What is required
Take every line from the records below that includes the word "Used".

───── Records provided ─────

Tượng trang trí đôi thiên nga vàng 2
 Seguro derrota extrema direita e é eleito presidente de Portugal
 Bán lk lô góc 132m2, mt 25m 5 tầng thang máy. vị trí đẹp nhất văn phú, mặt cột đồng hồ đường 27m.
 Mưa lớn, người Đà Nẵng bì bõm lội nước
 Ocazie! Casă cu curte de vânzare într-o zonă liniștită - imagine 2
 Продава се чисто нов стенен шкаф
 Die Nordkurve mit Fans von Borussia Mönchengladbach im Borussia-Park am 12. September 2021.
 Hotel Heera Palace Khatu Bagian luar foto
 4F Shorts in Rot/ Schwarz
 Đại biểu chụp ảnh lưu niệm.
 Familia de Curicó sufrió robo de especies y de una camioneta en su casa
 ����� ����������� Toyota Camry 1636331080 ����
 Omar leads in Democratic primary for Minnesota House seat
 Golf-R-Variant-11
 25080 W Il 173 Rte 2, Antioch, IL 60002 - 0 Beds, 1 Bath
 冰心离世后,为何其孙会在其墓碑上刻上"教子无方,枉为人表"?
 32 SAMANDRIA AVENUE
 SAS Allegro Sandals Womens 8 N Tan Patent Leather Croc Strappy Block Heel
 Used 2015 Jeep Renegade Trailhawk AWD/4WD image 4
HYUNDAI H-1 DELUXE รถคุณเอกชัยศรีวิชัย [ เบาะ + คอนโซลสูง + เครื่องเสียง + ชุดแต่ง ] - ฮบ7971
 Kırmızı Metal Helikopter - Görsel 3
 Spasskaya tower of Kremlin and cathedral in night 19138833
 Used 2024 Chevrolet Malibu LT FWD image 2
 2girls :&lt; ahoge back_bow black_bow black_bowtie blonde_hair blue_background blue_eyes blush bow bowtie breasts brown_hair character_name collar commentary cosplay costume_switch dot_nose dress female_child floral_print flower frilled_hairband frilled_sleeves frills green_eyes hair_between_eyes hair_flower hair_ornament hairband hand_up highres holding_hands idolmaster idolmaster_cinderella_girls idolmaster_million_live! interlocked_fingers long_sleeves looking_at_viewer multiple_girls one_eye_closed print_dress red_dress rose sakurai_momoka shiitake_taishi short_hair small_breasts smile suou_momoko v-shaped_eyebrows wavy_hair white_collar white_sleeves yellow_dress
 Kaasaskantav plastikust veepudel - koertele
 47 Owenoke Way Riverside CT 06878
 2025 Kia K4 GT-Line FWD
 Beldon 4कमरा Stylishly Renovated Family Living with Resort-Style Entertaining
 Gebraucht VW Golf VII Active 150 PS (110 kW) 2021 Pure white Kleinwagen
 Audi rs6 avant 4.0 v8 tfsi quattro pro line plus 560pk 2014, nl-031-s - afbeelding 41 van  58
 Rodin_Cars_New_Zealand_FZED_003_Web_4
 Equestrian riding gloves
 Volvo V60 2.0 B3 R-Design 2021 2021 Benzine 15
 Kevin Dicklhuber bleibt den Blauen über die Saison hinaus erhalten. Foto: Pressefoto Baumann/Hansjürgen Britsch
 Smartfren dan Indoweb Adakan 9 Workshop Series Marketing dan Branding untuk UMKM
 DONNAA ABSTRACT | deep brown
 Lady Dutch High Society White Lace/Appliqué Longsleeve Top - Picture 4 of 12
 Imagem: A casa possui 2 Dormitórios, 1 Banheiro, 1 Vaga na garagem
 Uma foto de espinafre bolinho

─────

Exercise result
 Used 2015 Jeep Renegade Trailhawk AWD/4WD image 4
 Used 2024 Chevrolet Malibu LT FWD image 2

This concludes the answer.